### Exercise instructions
Set down the records again. Every word and mark must match exactly.

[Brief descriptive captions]
* * *
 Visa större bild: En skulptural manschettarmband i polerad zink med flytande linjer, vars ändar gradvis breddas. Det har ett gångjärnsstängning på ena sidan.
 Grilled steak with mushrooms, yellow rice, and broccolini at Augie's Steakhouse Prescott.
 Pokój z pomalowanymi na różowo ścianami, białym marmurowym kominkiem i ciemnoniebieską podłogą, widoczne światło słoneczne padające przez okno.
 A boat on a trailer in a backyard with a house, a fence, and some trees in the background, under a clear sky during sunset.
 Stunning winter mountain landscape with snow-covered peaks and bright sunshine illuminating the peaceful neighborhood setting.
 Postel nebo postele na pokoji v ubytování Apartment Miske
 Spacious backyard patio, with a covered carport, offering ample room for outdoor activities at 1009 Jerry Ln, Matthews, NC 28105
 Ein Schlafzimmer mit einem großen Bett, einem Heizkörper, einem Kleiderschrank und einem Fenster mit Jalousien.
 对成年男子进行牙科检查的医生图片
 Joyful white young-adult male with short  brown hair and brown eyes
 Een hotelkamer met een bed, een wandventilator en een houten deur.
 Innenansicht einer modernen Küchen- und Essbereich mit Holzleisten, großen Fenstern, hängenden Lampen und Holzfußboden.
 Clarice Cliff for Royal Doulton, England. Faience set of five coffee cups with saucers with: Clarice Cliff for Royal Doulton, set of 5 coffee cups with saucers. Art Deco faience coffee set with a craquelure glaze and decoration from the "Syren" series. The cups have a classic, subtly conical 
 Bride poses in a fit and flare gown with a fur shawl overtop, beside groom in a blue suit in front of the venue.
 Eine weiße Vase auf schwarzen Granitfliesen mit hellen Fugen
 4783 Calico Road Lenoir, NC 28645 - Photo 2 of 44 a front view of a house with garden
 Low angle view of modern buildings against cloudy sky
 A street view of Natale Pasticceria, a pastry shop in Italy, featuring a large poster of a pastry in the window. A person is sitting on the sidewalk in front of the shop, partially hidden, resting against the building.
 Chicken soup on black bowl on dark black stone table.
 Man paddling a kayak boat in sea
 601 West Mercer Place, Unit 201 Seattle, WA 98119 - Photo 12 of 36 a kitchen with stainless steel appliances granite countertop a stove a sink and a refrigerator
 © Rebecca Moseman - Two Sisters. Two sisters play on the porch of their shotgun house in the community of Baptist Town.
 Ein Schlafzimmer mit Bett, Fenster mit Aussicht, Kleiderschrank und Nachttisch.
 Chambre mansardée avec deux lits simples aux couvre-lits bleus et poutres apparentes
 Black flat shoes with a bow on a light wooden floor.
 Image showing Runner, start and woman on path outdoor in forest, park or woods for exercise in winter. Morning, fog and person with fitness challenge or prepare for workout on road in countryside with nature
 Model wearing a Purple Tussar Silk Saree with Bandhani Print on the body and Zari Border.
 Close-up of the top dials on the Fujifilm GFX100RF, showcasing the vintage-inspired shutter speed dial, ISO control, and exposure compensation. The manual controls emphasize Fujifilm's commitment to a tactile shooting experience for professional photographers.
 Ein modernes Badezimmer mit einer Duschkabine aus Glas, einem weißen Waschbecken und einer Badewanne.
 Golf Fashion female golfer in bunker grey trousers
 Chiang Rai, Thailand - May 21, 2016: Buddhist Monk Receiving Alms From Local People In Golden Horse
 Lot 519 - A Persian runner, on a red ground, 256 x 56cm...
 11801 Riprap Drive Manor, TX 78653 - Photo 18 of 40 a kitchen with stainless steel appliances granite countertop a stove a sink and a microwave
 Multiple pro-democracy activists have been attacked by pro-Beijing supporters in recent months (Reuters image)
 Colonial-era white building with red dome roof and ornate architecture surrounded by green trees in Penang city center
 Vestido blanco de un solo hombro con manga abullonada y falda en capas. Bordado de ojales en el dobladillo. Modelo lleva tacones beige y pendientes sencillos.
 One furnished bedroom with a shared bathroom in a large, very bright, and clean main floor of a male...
* * *
### Exercise answer
 Visa större bild: En skulptural manschettarmband i polerad zink med flytande linjer, vars ändar gradvis breddas. Det har ett gångjärnsstängning på ena sidan.
 Grilled steak with mushrooms, yellow rice, and broccolini at Augie's Steakhouse Prescott.
 Pokój z pomalowanymi na różowo ścianami, białym marmurowym kominkiem i ciemnoniebieską podłogą, widoczne światło słoneczne padające przez okno.
 A boat on a trailer in a backyard with a house, a fence, and some trees in the background, under a clear sky during sunset.
 Stunning winter mountain landscape with snow-covered peaks and bright sunshine illuminating the peaceful neighborhood setting.
 Postel nebo postele na pokoji v ubytování Apartment Miske
 Spacious backyard patio, with a covered carport, offering ample room for outdoor activities at 1009 Jerry Ln, Matthews, NC 28105
 Ein Schlafzimmer mit einem großen Bett, einem Heizkörper, einem Kleiderschrank und einem Fenster mit Jalousien.
 对成年男子进行牙科检查的医生图片
 Joyful white young-adult male with short  brown hair and brown eyes
 Een hotelkamer met een bed, een wandventilator en een houten deur.
 Innenansicht einer modernen Küchen- und Essbereich mit Holzleisten, großen Fenstern, hängenden Lampen und Holzfußboden.
 Clarice Cliff for Royal Doulton, England. Faience set of five coffee cups with saucers with: Clarice Cliff for Royal Doulton, set of 5 coffee cups with saucers. Art Deco faience coffee set with a craquelure glaze and decoration from the "Syren" series. The cups have a classic, subtly conical 
 Bride poses in a fit and flare gown with a fur shawl overtop, beside groom in a blue suit in front of the venue.
 Eine weiße Vase auf schwarzen Granitfliesen mit hellen Fugen
 4783 Calico Road Lenoir, NC 28645 - Photo 2 of 44 a front view of a house with garden
 Low angle view of modern buildings against cloudy sky
 A street view of Natale Pasticceria, a pastry shop in Italy, featuring a large poster of a pastry in the window. A person is sitting on the sidewalk in front of the shop, partially hidden, resting against the building.
 Chicken soup on black bowl on dark black stone table.
 Man paddling a kayak boat in sea
 601 West Mercer Place, Unit 201 Seattle, WA 98119 - Photo 12 of 36 a kitchen with stainless steel appliances granite countertop a stove a sink and a refrigerator
 © Rebecca Moseman - Two Sisters. Two sisters play on the porch of their shotgun house in the community of Baptist Town.
 Ein Schlafzimmer mit Bett, Fenster mit Aussicht, Kleiderschrank und Nachttisch.
 Chambre mansardée avec deux lits simples aux couvre-lits bleus et poutres apparentes
 Black flat shoes with a bow on a light wooden floor.
 Image showing Runner, start and woman on path outdoor in forest, park or woods for exercise in winter. Morning, fog and person with fitness challenge or prepare for workout on road in countryside with nature
 Model wearing a Purple Tussar Silk Saree with Bandhani Print on the body and Zari Border.
 Close-up of the top dials on the Fujifilm GFX100RF, showcasing the vintage-inspired shutter speed dial, ISO control, and exposure compensation. The manual controls emphasize Fujifilm's commitment to a tactile shooting experience for professional photographers.
 Ein modernes Badezimmer mit einer Duschkabine aus Glas, einem weißen Waschbecken und einer Badewanne.
 Golf Fashion female golfer in bunker grey trousers
 Chiang Rai, Thailand - May 21, 2016: Buddhist Monk Receiving Alms From Local People In Golden Horse
 Lot 519 - A Persian runner, on a red ground, 256 x 56cm...
 11801 Riprap Drive Manor, TX 78653 - Photo 18 of 40 a kitchen with stainless steel appliances granite countertop a stove a sink and a microwave
 Multiple pro-democracy activists have been attacked by pro-Beijing supporters in recent months (Reuters image)
 Colonial-era white building with red dome roof and ornate architecture surrounded by green trees in Penang city center
 Vestido blanco de un solo hombro con manga abullonada y falda en capas. Bordado de ojales en el dobladillo. Modelo lleva tacones beige y pendientes sencillos.
 One furnished bedroom with a shared bathroom in a large, very bright, and clean main floor of a male...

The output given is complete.